→ WHAT IS NEEDED
All lines from the one with "Chiara tews leaked" to the end of the entries below must be written out exactly. Leave out any other line.

[Recorded data]
■ ■ ■ ■

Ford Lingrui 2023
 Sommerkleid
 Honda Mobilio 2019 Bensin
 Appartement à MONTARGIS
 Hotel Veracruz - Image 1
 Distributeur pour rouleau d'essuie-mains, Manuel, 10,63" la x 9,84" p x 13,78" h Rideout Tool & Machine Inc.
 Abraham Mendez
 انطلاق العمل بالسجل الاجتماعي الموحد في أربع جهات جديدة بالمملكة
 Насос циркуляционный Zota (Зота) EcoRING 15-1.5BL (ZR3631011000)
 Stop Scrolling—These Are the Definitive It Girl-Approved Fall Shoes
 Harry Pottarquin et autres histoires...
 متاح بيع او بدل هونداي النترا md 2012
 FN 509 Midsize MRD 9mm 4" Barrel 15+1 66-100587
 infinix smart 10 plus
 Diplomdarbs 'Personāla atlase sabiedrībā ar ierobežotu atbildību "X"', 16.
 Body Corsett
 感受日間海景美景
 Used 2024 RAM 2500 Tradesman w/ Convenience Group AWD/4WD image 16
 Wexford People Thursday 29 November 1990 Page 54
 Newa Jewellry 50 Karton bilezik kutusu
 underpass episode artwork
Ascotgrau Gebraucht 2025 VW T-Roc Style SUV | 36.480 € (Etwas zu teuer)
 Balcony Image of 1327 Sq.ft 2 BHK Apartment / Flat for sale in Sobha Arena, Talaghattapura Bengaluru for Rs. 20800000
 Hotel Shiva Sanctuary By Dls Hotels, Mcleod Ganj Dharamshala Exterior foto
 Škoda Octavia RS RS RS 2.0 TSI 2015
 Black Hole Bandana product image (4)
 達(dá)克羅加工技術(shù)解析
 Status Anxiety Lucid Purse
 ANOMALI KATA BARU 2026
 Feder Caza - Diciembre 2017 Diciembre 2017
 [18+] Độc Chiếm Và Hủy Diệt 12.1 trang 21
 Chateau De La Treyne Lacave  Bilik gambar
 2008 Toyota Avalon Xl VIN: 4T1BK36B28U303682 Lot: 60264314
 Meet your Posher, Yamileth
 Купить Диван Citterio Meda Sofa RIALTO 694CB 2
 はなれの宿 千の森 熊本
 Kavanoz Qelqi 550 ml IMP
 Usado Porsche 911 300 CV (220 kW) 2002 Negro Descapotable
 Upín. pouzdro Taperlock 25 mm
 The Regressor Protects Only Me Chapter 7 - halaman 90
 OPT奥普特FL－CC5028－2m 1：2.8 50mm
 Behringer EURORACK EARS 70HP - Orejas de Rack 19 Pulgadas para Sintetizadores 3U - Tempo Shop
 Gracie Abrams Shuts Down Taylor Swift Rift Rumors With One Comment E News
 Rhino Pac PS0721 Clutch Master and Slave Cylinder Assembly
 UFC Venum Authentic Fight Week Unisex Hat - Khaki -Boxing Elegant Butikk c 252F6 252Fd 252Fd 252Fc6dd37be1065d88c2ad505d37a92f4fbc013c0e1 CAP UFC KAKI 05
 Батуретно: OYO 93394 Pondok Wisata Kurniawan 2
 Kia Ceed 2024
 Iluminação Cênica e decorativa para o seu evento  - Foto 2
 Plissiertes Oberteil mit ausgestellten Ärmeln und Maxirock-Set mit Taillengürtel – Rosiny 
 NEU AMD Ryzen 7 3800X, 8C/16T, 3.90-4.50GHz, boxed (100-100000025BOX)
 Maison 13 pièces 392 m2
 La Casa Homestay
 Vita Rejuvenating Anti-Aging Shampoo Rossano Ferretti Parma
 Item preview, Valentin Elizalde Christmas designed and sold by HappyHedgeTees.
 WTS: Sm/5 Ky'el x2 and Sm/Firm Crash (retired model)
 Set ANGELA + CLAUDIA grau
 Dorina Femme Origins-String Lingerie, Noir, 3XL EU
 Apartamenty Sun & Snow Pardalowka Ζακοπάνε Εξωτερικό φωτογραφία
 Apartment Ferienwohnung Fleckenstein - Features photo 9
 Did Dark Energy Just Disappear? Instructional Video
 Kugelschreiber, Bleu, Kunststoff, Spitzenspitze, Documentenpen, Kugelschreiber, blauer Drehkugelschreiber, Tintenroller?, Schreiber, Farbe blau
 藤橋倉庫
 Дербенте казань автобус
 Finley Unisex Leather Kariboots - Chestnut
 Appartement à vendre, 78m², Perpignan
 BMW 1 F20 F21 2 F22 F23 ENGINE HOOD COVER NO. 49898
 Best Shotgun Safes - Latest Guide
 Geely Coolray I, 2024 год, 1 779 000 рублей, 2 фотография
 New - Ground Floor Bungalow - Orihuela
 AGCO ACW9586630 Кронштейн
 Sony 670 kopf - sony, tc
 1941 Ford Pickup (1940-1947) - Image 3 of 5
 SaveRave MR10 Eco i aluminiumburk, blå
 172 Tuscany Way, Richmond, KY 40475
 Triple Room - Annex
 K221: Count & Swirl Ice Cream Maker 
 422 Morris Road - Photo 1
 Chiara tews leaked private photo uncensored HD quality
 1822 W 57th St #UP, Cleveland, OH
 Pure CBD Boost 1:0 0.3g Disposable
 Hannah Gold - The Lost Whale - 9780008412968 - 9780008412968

■ ■ ■ ■

→ ANSWER TO THE EXERCISE
 Chiara tews leaked private photo uncensored HD quality
 1822 W 57th St #UP, Cleveland, OH
 Pure CBD Boost 1:0 0.3g Disposable
 Hannah Gold - The Lost Whale - 9780008412968 - 9780008412968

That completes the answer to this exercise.